Among the cases contra, see Smith v. Goodell, 258 Ill. 145, 101 N. E. 255; Jones v. Grieser, 238 Ill. 183, 87 N. E. 295, 15 Am. & Eng. Anno. Cas. 787; Scott v. O’Connor-Couch, 271 Ill. 395, 111 N. E. Ill, L.R.A. 1916D, 179.

An executor is the party selected by the testator to disburse or distribute the property of which the testator may die seized and possessed. For this service, after qualification, he is allowed reasonable compensation depending upon the size of the estate and the trouble he may have in complying with the wishes of the testator. It is apparent that the interest of the executor, as such, is very small compared with the interest of the devisee or legatee. It is illogical to hold *935a legatee, devisee or creditor competent as an attesting witness and to hold an executor incompetent because of his interest in the property passing by the will. To so hold would be against the trend of modern legislation and decisions and would render executors named in wills the only class of witnesses incompetent to attest wills.

Dean Ribble, in 2 Minor on Real Property, 2d Ed., sec. 1164, expressed his views on the subject as follows:

“ ‘No person,’ says the statute, ‘shall, on account of his being an executor of a will, be incompetent as a witness for or against the will.’
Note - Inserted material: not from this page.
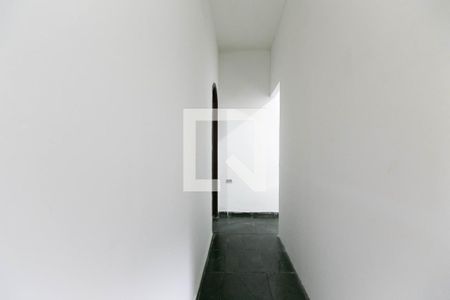 Corredor dos Quartos  de casa para alugar com 2 quartos, 90m² em Parque Guarani, São Paulo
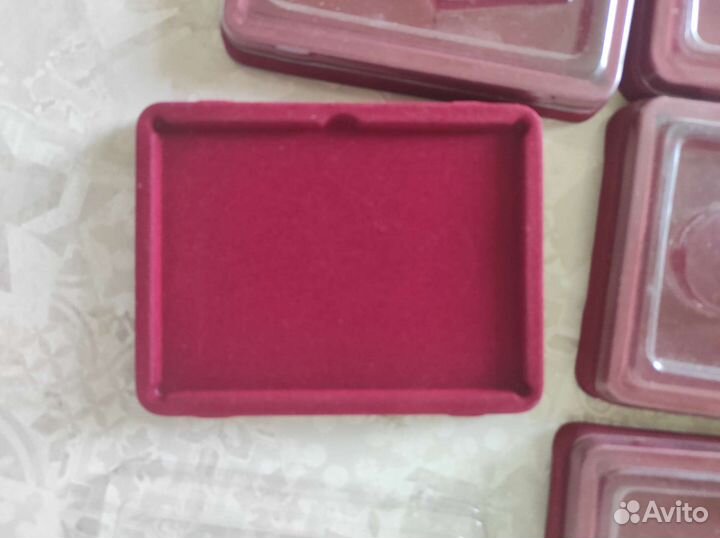 Футляры для хранения медалей, лот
“It has been suggested (VI Va. Law Reg. 407), because of the change in the language used in the above statute dealing with executors, that an executor while incompetent to testify for or against a will is incompetent to attest it. Since the only reason an executor was ever debarred as an attesting witness was because of interest and, since all disqualifications as to interest have been removed, such a view seems now untenable. There appears to be no good reason why an executor is not competent to attest a will.”

See I Harrison on Wills, p. 202; 25 Mich. Law Rev. 243; XXVI Columbia Law Rev. 369.

The decree of the trial court, admitting the will to probate on the testimony of the executor as an attesting witness, is affirmed.

Affirmed.

“Revisors’ note.—Section 2529 of the Code of 1887 was on the subject of the competency of devisees and legatees, their wives or husbands, as attesting witnesses to wills. This section, which was construed in Bruce v. Shuler, 108 Va. 670, 62 S. E. 973 [35 L. R. A. (N. S.) 686], has been omitted and thereby repealed, as a result of which the competency of attesting witnesses to wills is now governed by section 6208, this section and the following section. The exceptions to the rule that interest does not disqualify no longer exist, and section 3346 of the Code of 1887 has been omitted and thereby repealed. See revisors’ note to section 6209.”